Ren almost laughed, though it came out more like a breath of disbelief. "Well, How about you?"
His mouth opened, then closed again. She could see him calculating, trying to find the right insult or defense. Finally, he straightened his spine, glaring down his nose as if that could make him taller. "I'm a half-blood, you fool."
Ren smirked. "Half mudblood then."
His eyes widened in shock, as if she'd slapped him. No one talked to him like that, not even the Marauders, who preferred hexes over honesty.
"Pure-blood supremacy," she continued, voice low but steady. yet the ones who strive for it are mudbloods themselves."
He said nothing, his lips pressed in a thin, trembling line. The lake rippled again, soft waves catching the dying sunlight, and for a second neither of them moved.

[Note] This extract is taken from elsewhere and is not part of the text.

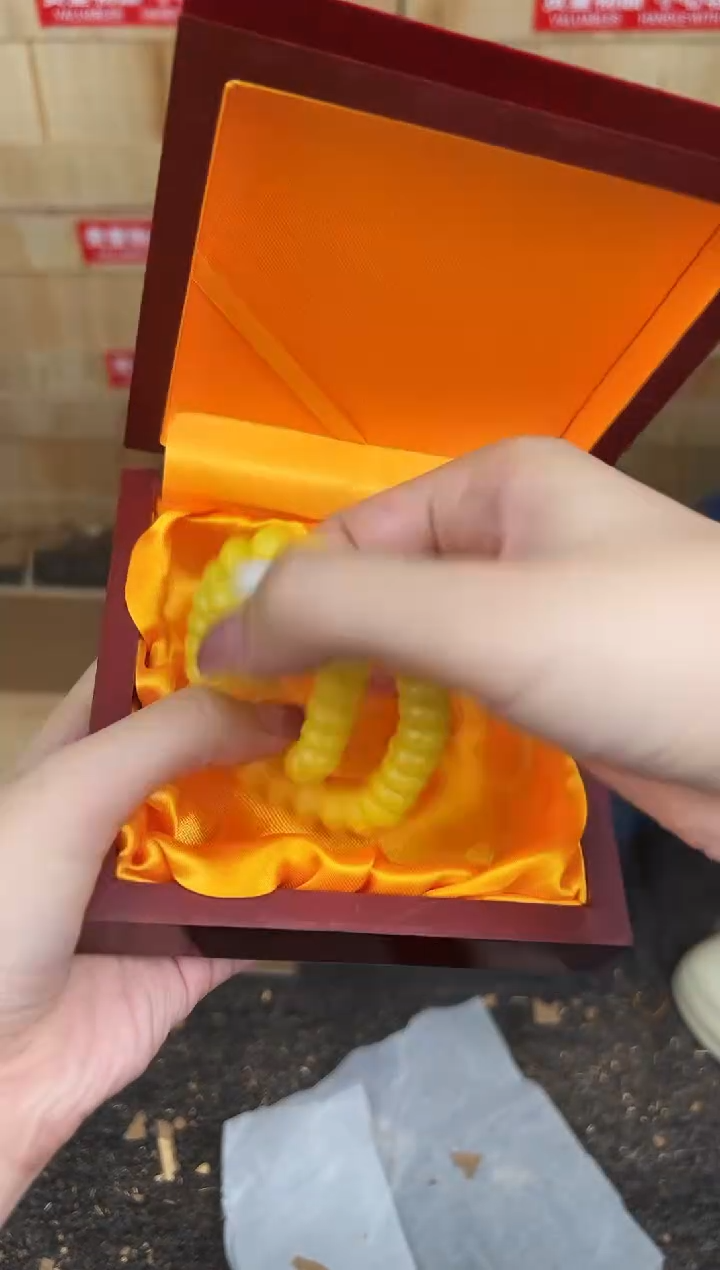 万家文玩阁黄玉菩提链接@@L007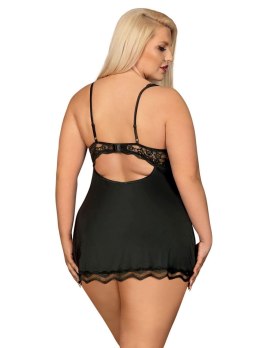 Obsessive Luvae babydoll i stringi czarne XXL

Ren pushed herself up, brushing grass off her robe, and gave him one last look.
She didn't wait for an answer. The soft squelch of her boots faded along the lakeside as she walked off, her mind still buzzing. The conversation had left an unpleasant taste behind not just because of Snape's hypocrisy, but because of what it said about the wizarding world itself.
Even without all the obvious cruelty, without the slurs and the hierarchy and the superstition, there was still something deeply wrong about it all. Everyone wanted to feel superior to someone else. Pure-bloods sneered at Muggle-borns. Half-bloods mocked Muggles. And everyone, in their own way, was hiding from their own reflection.
At least in the forest, monsters didn't pretend to be righteous.